This repository has been archived on 2026-05-20. You can view files and clone it. You cannot open issues or pull requests or push a commit.
Files
clickthrough/docs/API.md
Paul Wähner 1c03cab457
All checks were successful
python-syntax / syntax-check (push) Successful in 6s
refactor: simplify to see/interact/exec and split server modules
2026-05-03 20:07:12 +02:00

2.7 KiB

API Reference

Base URL: http://127.0.0.1:8123

Auth header when enabled:

x-clickthrough-token: <token>

This API is intended for AI computer control through 3 methods only:

  • see
  • interact
  • exec

All responses use one envelope.

Response Envelope

Success:

{
  "ok": true,
  "request_id": "...",
  "time_ms": 1710000000000,
  "data": {},
  "error": null
}

Error:

{
  "ok": false,
  "request_id": "...",
  "time_ms": 1710000000000,
  "data": null,
  "error": {
    "code": "validation_error",
    "message": "request validation failed",
    "details": []
  }
}

1) See

POST /see

Capture a full screen or a region.

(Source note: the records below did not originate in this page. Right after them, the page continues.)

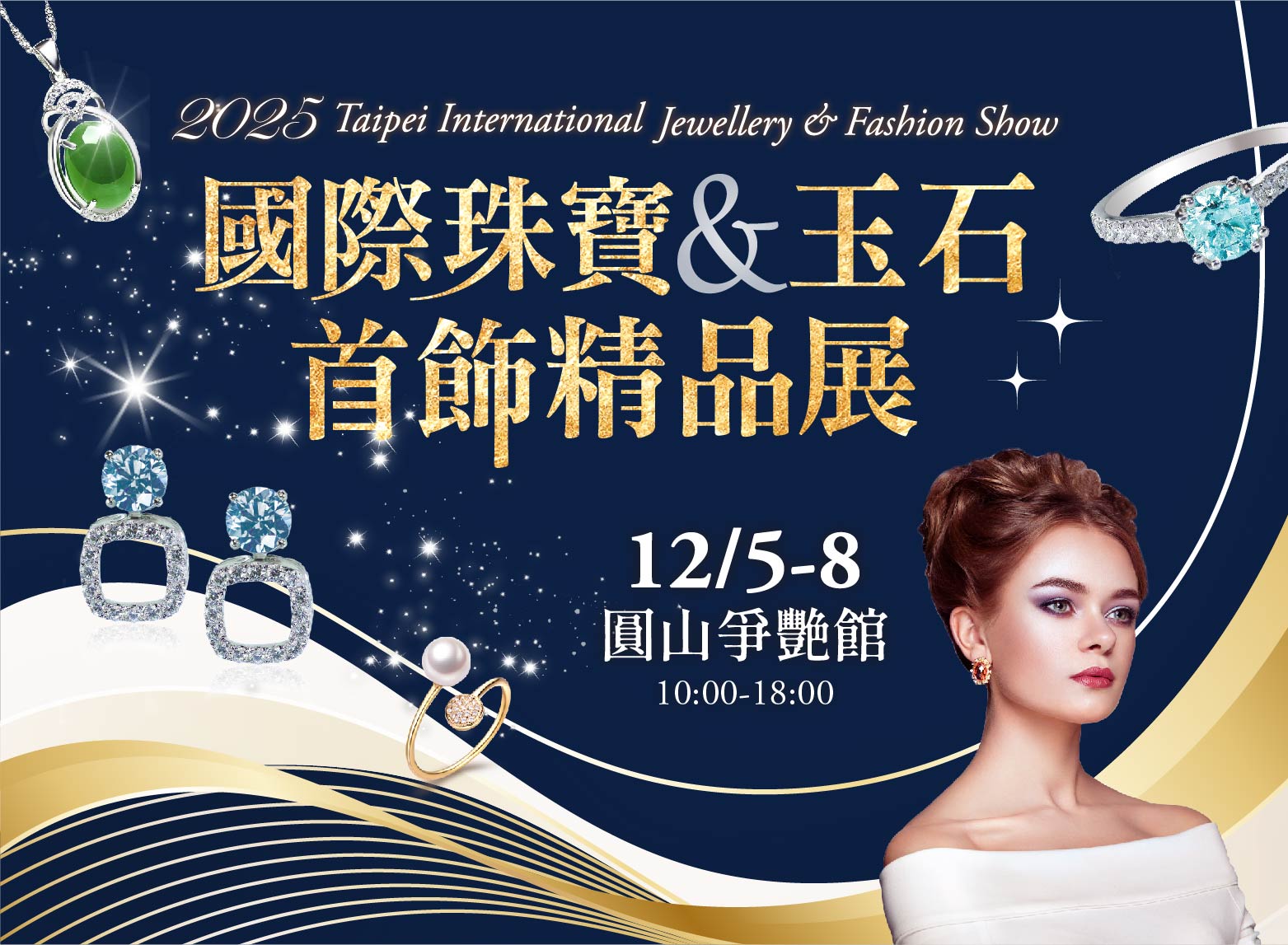 台北國際珠寶玉石首飾展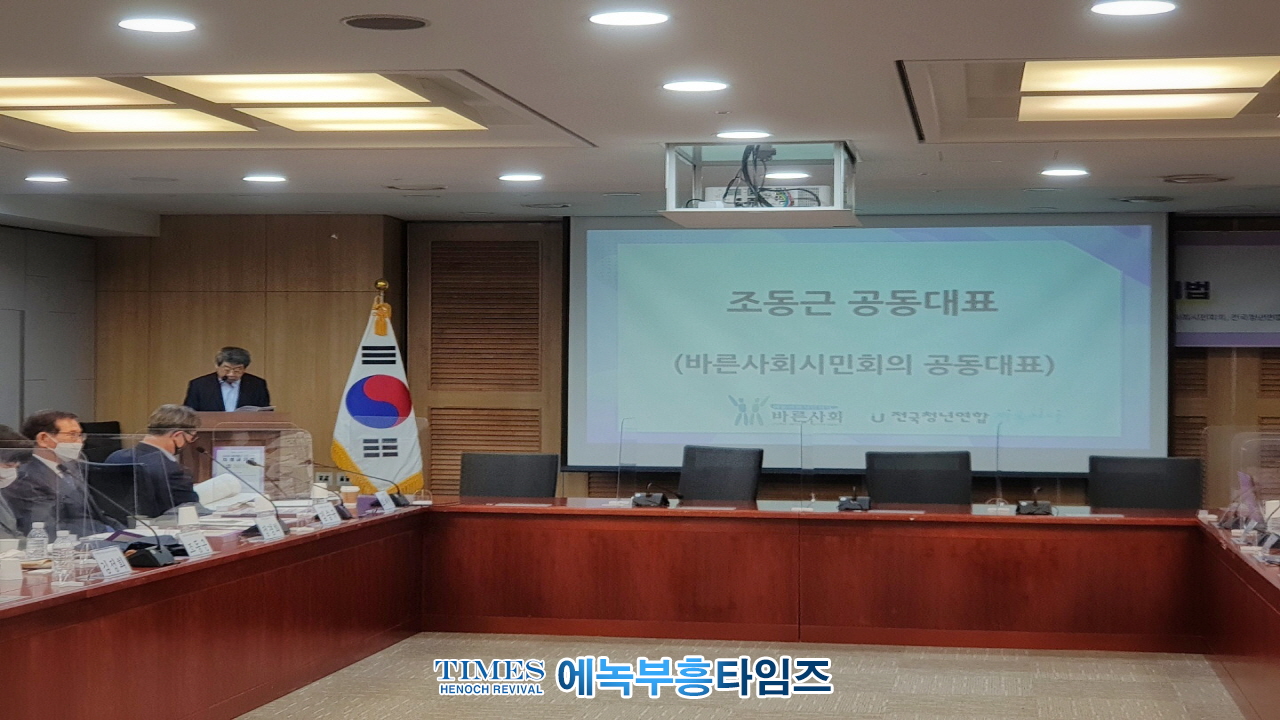 바른사회시민회의, 전국청년연합 ‘바로서다’ ‘2030 청년들이 바라보는 차별금지법’ 포럼 개최 해.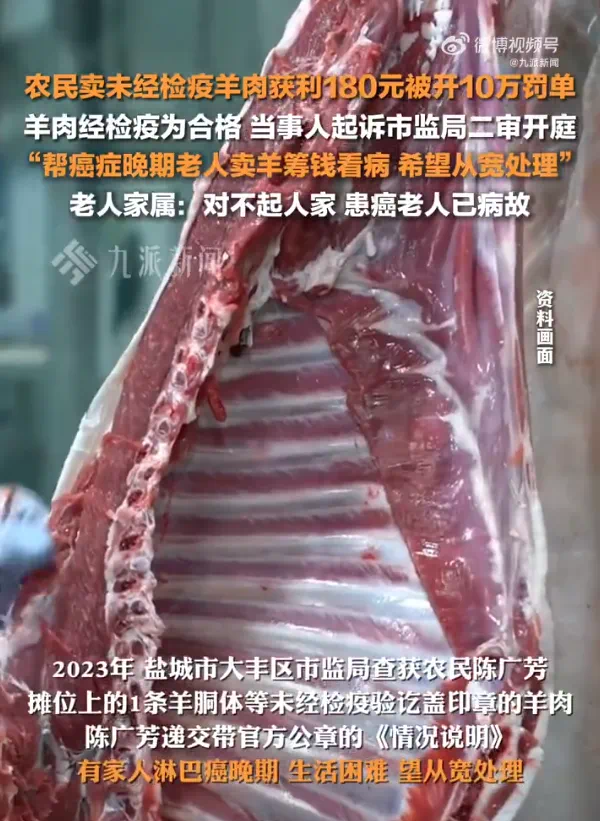 获利180元被罚10万,卖羊肉老太发声:罚这么重(图2) 5.png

Optional grid overlay returns coordinate metadata for click mapping.

{
  "screen": 0,
  "region_x": null,
  "region_y": null,
  "region_width": null,
  "region_height": null,
  "with_grid": true,
  "grid_rows": 12,
  "grid_cols": 12,
  "include_labels": true,
  "image_format": "png",
  "jpeg_quality": 85
}

Returns:

  • data.image.base64
  • data.meta.region (global desktop coords)
  • data.meta.grid (rows/cols/cell size + formula)

POST /see/zoom

Capture a tighter crop around a global point and draw another grid over that crop.

{
  "screen": 0,
  "center_x": 1200,
  "center_y": 720,
  "width": 500,
  "height": 350,
  "with_grid": true,
  "grid_rows": 20,
  "grid_cols": 20,
  "include_labels": true,
  "image_format": "png",
  "jpeg_quality": 90
}

Use this for precision before clicking tiny controls.

2) Interact

POST /interact

Mouse/keyboard action execution.

{
  "screen": 0,
  "action": {
    "action": "click",
    "target": {
      "mode": "grid",
      "region_x": 0,
      "region_y": 0,
      "region_width": 1920,
      "region_height": 1080,
      "rows": 12,
      "cols": 12,
      "row": 7,
      "col": 3,
      "dx": 0.0,
      "dy": 0.0
    },
    "button": "left",
    "clicks": 1
  }
}

Supported actions:

  • move, click, right_click, double_click, middle_click
  • scroll (scroll_amount)
  • type (text, interval_ms)
  • hotkey (keys)

Target modes:

  • pixel: absolute global x,y
  • grid: grid cell from a see/see/zoom response

3) Exec

POST /exec

Run host shell commands (PowerShell/Bash/CMD).

{
  "command": "Get-Process | Select-Object -First 5",
  "shell": "powershell",
  "timeout_s": 20,
  "cwd": "C:/Users/Paul",
  "dry_run": false
}

Required header:

x-clickthrough-exec-secret: <secret>

Minimal Procedure for Agents

  1. see full screen with coarse grid.
  2. If uncertain, see/zoom target area with denser grid.
  3. interact one action.
  4. see again to confirm state change.
  5. Use exec only when GUI interaction is not the right tool.